On paper, it is stated that it should not take more than 2–4 hours of your time. But it can rarely be finished even on a full weekend unless you did it already and just need to copy-paste.

And it’s not them, it’s you: You can achieve the task output in no time, but no one submits at that stage. It’s not greed to innovate, but fear of rejection due to presumably unstructured code that achieves all of the stated requirements.

You will rarely admit it took more time because you fear rejection for having taken longer.

If you don’t see all the components the way your interviewers saw, you missed serious lessons in design.

If you saw those parts and the interviewer didn’t, you have over-engineered the problem.

#6: Post Rejection Communication:

Among all other issues cited, this is the most crucial one.
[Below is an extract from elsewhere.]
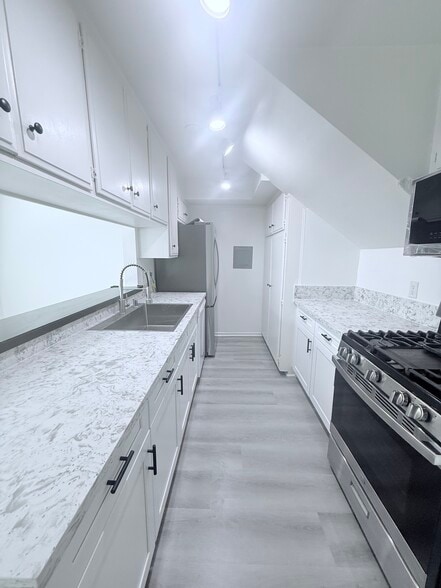 Building Photo - 10634 Holman Ave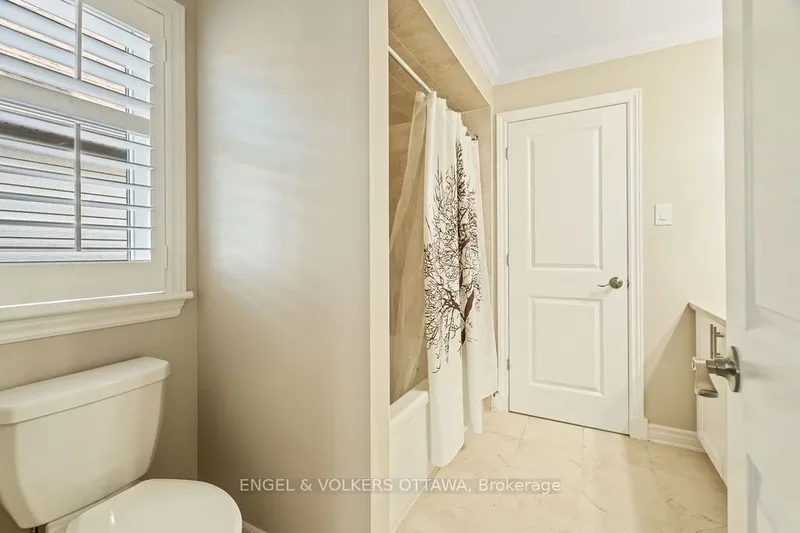 379 Ardmore Street, Ottawa, Ontario, Canada. - Photo 32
If you can’t reach out to every senior dev, you made a mistake in the CV screening stage. You didn’t screen them enough! Why should senior dev pay for it?

Because it is through this factor that you know if you truly lacked what they wanted, or they were simply playing with your time and emotions.

Most tech teams do not communicate rejections directly. They do it via recruiters so that they don’t have to delve into the details about why the rejection happened. If you are luckier, you get a creatively drafted rejection that summarises the shortcomings in ambiguous words. If one asks for further explanation, the line goes dead.

While this could be justified in the case of junior developer interviews because of the sheer size of candidates and spaghetti code is cumbersome for feedback, it is totally unjustified for senior candidates and the time spent after coding assignments.

If you are NOT one of the FAAMG, if your candidate pool is 20+ for 1 senior developer role, and if you cannot reach out to every candidate, you clearly made a mistake in the CV screening stage. You didn’t screen them enough! Why should senior dev pay for it? Even if his code sucks, you owe him a succinct explanation, not boilerplate rejection.

Not communicating past 1-week assignments should be considered a crime in recruitment practice. Unfortunately, it is the entitlement of rejection that tech teams enjoy.

Takeaway?

Gaping inequalities can hide behind the veil of the insistence of merit.

Due to highly subjective selection criteria, the coding assignment becomes the strongest weapon in the hands of racist, sexist or prejudiced tech team, and you have no way to dismantle it from the system because it can never be proven.

Gaping inequalities can hide behind the veil of the insistence of merit.

What companies must do?

Stop molding humans into coding machines.

Senior devs play a much more vital part in a tech company’s future than just coding. A senior dev having a clear product roadmap is worth more than five junior devs who need to be told what to do.

By spending effort in pre-evaluating them based on their GitHub / Portfolio, tech companies can reduce/circumvent the amount of code a senior dev must write to prove her mettle.

Coding assignments should be replaced with one or more in-person discussions. They could be about the candidate’s past career + employer’s future direction. This is the way to ensure that the stated experience isn’t a bubble. It is also a way to see if the candidate is precise in communication — the most vital skill a senior dev should possess.

Stop molding humans into coding machines.

What senior devs should do?

If companies are less likely to abandon it (as happens in most of the cases), senior devs will do well by saying No beforehand — to all sorts of at-home coding evaluations.

Unless they are doable in 4–6 hours of time.

You should only spend more than that if you could monetize the assignment past rejection: For example, you could see a potential portfolio project that could be uploaded on your GitHub (or made into a side gig).

Refuse to give away your time to noncommittal tech teams. And self-respect.